A set only holds the unique elements.

In [60]:
{'a', 'a', 'b', 3, 'c', 'b'}.sort()  # does not work, see the error message

AttributeError: 'set' object has no attribute 'sort'

A set obviously does not have a method sort() because there is not order in the elements of a set. Therefore, in place sorting does not make sense.

Take attention in the error message, which shows that the object has not attribute 'sort'. Learn to intepret Python's error messages.

In [51]:
sorted({'a', 'a', 'b', 3, 'c', 'b'})  # doesn't work.

TypeError: unorderable types: int() < str()

Look at the eror message, it's a Type error, the keys that are a combination of whole numbers (ints) and strings can not be sorted together because there's no order defined. This is what the error message conveys.

In [59]:
sorted({3, 1, 4, 2, 3, 1})  # This works, becaus the elements (not the set) are sortable.

[1, 2, 3, 4]

As we saw, `sorted()` generates a list. In this case it puts the elements of the set in a list and sorts it.
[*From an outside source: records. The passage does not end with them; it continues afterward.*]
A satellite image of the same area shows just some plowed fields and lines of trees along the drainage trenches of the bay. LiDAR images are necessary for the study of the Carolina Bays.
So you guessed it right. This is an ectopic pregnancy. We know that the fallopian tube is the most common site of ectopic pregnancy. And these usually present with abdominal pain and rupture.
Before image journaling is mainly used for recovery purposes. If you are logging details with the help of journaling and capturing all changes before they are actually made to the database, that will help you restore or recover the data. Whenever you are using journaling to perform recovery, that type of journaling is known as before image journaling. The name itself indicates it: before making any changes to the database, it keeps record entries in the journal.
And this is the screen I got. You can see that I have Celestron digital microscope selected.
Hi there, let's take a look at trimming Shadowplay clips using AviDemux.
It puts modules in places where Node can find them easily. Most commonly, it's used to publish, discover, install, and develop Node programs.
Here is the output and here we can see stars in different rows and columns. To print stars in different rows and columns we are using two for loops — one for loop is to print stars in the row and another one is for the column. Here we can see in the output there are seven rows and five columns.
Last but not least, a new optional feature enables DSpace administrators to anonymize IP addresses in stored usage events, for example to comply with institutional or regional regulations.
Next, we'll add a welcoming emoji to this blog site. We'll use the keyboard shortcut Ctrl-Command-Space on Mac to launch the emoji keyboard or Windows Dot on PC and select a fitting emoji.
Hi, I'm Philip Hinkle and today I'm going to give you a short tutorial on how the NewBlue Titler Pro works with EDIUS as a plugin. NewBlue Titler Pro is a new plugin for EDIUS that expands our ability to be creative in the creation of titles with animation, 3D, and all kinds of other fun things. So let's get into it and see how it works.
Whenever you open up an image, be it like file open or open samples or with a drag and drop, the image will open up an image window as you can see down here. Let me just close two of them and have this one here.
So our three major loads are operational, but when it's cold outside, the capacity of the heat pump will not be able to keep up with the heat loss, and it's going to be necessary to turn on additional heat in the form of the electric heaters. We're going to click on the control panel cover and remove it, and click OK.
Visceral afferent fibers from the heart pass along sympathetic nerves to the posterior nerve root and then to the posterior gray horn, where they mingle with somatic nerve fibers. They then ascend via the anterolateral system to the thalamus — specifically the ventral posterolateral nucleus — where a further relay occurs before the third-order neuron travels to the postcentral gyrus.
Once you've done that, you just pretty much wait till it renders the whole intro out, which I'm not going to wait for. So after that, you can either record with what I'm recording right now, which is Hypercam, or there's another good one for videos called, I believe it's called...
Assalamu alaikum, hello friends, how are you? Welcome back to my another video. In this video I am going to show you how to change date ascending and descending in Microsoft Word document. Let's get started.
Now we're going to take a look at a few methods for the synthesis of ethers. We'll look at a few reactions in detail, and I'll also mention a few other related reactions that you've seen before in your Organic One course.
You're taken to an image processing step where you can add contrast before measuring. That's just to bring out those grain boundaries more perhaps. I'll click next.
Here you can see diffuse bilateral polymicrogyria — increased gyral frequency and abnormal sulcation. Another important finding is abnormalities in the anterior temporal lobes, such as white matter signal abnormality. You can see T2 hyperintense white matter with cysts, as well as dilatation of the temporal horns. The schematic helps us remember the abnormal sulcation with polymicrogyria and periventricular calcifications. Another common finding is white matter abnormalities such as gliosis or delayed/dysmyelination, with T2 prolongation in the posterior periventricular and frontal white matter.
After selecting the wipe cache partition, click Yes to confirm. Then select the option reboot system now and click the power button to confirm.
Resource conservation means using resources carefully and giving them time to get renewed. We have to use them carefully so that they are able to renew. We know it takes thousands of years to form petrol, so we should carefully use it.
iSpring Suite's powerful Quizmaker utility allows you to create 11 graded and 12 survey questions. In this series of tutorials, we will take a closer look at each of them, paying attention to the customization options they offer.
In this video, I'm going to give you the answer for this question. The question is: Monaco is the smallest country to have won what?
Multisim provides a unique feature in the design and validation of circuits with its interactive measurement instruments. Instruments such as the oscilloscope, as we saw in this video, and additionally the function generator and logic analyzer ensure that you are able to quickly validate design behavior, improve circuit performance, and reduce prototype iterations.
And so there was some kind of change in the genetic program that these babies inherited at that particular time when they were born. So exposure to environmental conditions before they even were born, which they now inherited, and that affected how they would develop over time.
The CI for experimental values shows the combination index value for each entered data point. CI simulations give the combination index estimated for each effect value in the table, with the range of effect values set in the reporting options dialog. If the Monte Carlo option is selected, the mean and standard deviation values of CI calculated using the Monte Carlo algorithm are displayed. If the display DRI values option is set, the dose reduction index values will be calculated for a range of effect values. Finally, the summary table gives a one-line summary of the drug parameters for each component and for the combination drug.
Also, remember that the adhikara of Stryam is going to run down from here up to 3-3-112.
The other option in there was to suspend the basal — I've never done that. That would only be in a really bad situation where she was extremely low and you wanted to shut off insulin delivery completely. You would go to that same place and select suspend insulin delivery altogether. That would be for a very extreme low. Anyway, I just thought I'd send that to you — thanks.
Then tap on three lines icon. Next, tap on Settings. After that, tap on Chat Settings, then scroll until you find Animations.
Sorted() always generates a new list object.

Sorted has more potential inputs, which we can see by typing

```sorted?```

in a new cell and execute it.

This is then shown in a new window at the bottom of the screen:

>Signature: `sorted(iterable, key=None, reverse=False)`
>Docstring:
>Return a new list containing all items from the iterable in ascending order.
>
>A custom key function can be supplied to customise the sort order, and the
>reverse flag can be set to request the result in descending order.
>Type:      builtin_function_or_method

Obviously, `revere=True` sorts in descending manner

But `key` is special and our next subject.

`key` expects a function as value. `key` is needed when sorting complex items for which where is no obvious way to sort them. Let's assume that we have a list of tuples such as 3D coordinates:

In [67]:
myList = [(4, 3, 5), (6, -1, 7), (4, 1, 2), (-2, 3, -4), (3, 5, 0)]
sorted(myList)

[(-2, 3, -4), (3, 5, 0), (4, 1, 2), (4, 3, 5), (6, -1, 7)]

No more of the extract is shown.